Every day, Hirayama goes to have lunch in a park. He always has his film camera with him and takes photos of the trees and their leaves in the sunlight. He often does not even look through the viewer, he just points the camera from different positions and pushes the button. Every week he develops the film and buys a new one to use. He keeps just a couple of the photos he takes every week (the rest he tears apart) and puts them into carefully stored boxes of photographs he keeps in his closet, each numbered by day or week. “KOMOREBI is the Japanese word for the shimmering of light and shadows that is created by leaves swaying in the wind. It only exists once, at that moment.” This quote appears after the ending credits, and the thing is if you had skipped the ending credits (I hate it when people do that) you would have missed it.
Ghost Dog: The Way of the Samurai, 1999
Jim Jarmusch
Ghost Dog, Forest Whitaker, lives above the world – in a self-built hut on the roof of an abandoned building. He is a professional killer and wanders through the city silently and unseen, becoming one with the night, his steps traced only by the sublime score by Wu-Tang Clan’s RZA. He abides by an old code of conduct of the Japanese warrior caste of the samurai. When his life is threatened by a dysfunctional mafia family, he reacts strictly according to the code: the way of the samurai. There is no character like Forest Whitaker’s Ghost Dog in the American cinema.
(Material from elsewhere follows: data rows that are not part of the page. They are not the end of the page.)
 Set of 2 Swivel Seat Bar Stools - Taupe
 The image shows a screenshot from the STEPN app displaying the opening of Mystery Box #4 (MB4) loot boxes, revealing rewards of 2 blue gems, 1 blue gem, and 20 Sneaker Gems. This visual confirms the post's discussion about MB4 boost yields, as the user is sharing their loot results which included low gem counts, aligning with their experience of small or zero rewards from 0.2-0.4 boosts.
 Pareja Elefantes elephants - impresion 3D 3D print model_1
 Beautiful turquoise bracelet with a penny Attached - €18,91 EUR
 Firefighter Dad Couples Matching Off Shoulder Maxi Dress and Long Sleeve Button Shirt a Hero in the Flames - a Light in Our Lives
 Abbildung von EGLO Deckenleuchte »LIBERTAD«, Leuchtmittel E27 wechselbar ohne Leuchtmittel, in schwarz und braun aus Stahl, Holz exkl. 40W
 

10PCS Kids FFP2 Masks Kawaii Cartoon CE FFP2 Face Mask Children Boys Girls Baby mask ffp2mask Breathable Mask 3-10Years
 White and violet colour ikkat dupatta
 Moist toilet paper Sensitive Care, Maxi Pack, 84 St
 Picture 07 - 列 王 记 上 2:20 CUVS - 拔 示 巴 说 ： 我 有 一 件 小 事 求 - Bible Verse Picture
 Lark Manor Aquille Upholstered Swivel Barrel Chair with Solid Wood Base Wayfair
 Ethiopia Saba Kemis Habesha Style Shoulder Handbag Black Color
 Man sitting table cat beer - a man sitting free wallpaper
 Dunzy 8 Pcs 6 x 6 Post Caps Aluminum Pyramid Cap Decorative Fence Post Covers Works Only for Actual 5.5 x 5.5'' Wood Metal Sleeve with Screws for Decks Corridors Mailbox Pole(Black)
Jarmusch brings the code of gangster film to its essence, ritualising and stylising the criminal action according to his own singular vision. “Laughter is good for your spirit,” Jim Jarmusch said in an interview. ”In Ghost Dog: The Way of the Samurai, there’s a quote from Hagakure, a Japanese text, written by an old samurai, and one of them has to do with how things of great concern should be treated lightly, and things of small concern should be treated seriously, that kind of contradiction was something I really like when it is embraced in that kind of philosophy.”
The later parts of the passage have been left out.